# Hatching eggs



## Possumfam (Apr 19, 2011)

Like many of you who have lost power, we had a pretty good storm come through and we were w/o power for about 6 1/2 hours. That's not serious unless you're an egg in an incubator and the temp got down to 85 for several hours. This happened on day 16. As of now, we can't tell, but are they gonna make it, or is the whole batch lost?


----------



## mosquitomountainman (Jan 25, 2010)

Put them in a gas oven with just the heat from the pilot light and turn them over every four hours or so. They'll do okay.

Steve


----------



## Possumfam (Apr 19, 2011)

Good Idea, but we don't have a gas oven. This is a totally electric house. Maybe we should find a way to switch over.


----------



## Guapa (Jul 7, 2012)

If I read this correctly, I think I did, isn't a pilot light kind of like a candle? Hope your chicks are ok


----------



## netandtim (Oct 8, 2008)

Possum, it's gonna be iffy if they make it. Last month we had a hen get off her nest for about 5-6 hours and no chicks hatched. Think evening ambient air temps were in the upper 70's.

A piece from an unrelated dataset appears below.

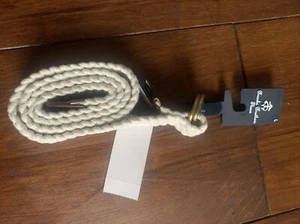 Cinturón Blanco Brooks Brothers Tejido/Enchapado TOTALMENTE NUEVO PRECIO DE VENTA SUGERIDO POR EL FABRICANTE £65 Fijación de latón - Imagen 1 de 8
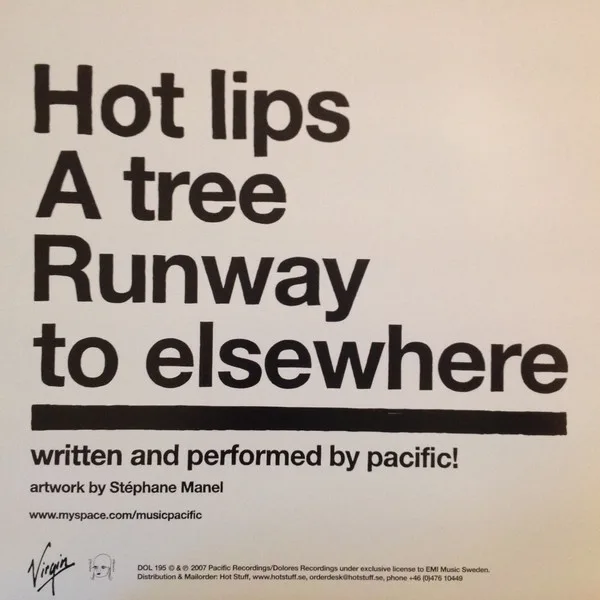 Album cover for Hot Lips by Pacific!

You should know in 4-5 more days, though. What breeds are you trying to hatch - just curious.


----------



## Possumfam (Apr 19, 2011)

Well, we got four - that's about 25% and when we candled them, there were 5 I wasn't sure of anyway. That'll hold us for a while. Someone locally suggested putting a tealight in the incubator (acting as a pilot light) - I'll have to remember that.


----------



## netandtim (Oct 8, 2008)

Congrats on salvaging some of the batch! Are you gearing up for another incubator run?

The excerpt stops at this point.